Il rally, però, non è stato lineare. Le ambizioni di Rossel per la vittoria WRC2 si sono complicate subito: un leggero contatto con un muretto nella prova d’apertura ha portato al ritiro dalla giornata di giovedì. Ripartito in Super Rally, il francese ha trasformato il resto dell’evento in una dimostrazione di potenziale, soprattutto quando le condizioni hanno permesso di far parlare davvero il ritmo. “Non è stato il rally più semplice né per me né per il team e sicuramente non ce lo aspettavamo alla vigilia… Ci aspettavamo di essere veloci e credo che lo abbiamo dimostrato”, ha spiegato. E poi il punto che vale quasi più dei tempi: “Con questa vettura sono convinto che potremo lottare nei prossimi rally… Questo weekend il problema non è stata la macchina.”

Gryazin: velocità, riparazioni e l’uscita nella prova più cattiva

Anche Gryazin aveva mostrato subito un passo da protagonista, arrivando al comando in WRC2 prima che un contatto sulla SS2 danneggiasse la sospensione posteriore sinistra. Qui è emerso un dettaglio che spesso fa la differenza nei rally: la capacità di reagire. L’equipaggio ha effettuato un intervento di riparazione prima della SS3, restando in partita e continuando a lottare per la vittoria fino alla SS12. Proprio lì, nella prova disputata in condizioni limite con ghiaccio e neve, l’uscita larga in un tratto veloce ha tolto trazione al posteriore e ha portato la vettura giù da un terrapieno, con un nuovo danno alla sospensione e lo stop prima di ripartire alla domenica in Super Rally. “Questo Monte-Carlo è stata una grande esperienza: non avevo mai guidato in condizioni simili… la vettura fa esattamente quello che le chiedo; ora devo essere io a fare meglio”, ha detto Gryazin, definendolo il Monte-Carlo più difficile della sua carriera per le condizioni.
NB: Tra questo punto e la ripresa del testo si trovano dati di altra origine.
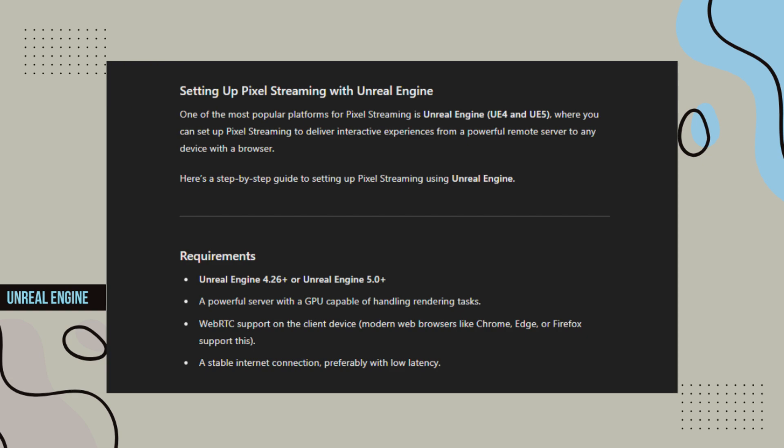Setting up Pixel Streaming with Unreal Engine: One of the most popular platforms for Pixel Streaming is Unreal Engine, UE4 and UE5, where you can set up Pixel Streaming to deliver interactive experiences from a powerful remote server to any device with a browser.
Zerbi e Clément: il significato del ritorno e cosa racconta davvero questo debutto

Per Lancia, la posta in gioco non era solo sportiva. Roberta Zerbi, CEO Lancia, ha inquadrato il weekend come un passaggio simbolico ma concreto: “Aspettavamo questo momento da molto tempo… il debutto competitivo della Ypsilon Rally2 HF Integrale in WRC2… questo risultato va oltre il valore sportivo: conferma la solidità di un progetto costruito con determinazione, rigore tecnico e una visione chiara.” E ha aggiunto un elemento chiave per leggere l’insieme: Monte-Carlo è uno dei rally più impegnativi e, anche con episodi contrari, “il team ha dimostrato grande ambizione, una vettura competitiva e una direzione ben definita per il futuro.”

Didier Clément, Team Principal, ha scelto parole da gara vera, non da vetrina: “In uno dei rally più impegnativi e selettivi della stagione… i nostri piloti hanno commesso solo pochi errori di lieve entità.” E nel bilancio finale ha indicato ciò che resterà negli appunti del team: “le prestazioni della nuova Lancia Ypsilon Rally2 HF Integrale, capace di ottenere un numero significativo di migliori tempi in WRC2” e “la straordinaria performance di Yohan Rossel nella giornata di domenica”. Il ringraziamento alla squadra chiude il quadro: un debutto con imprevisti, sì, ma con abbastanza segnali concreti da far capire che il punto non è “esserci”, bensì costruire il seguito con basi già solide.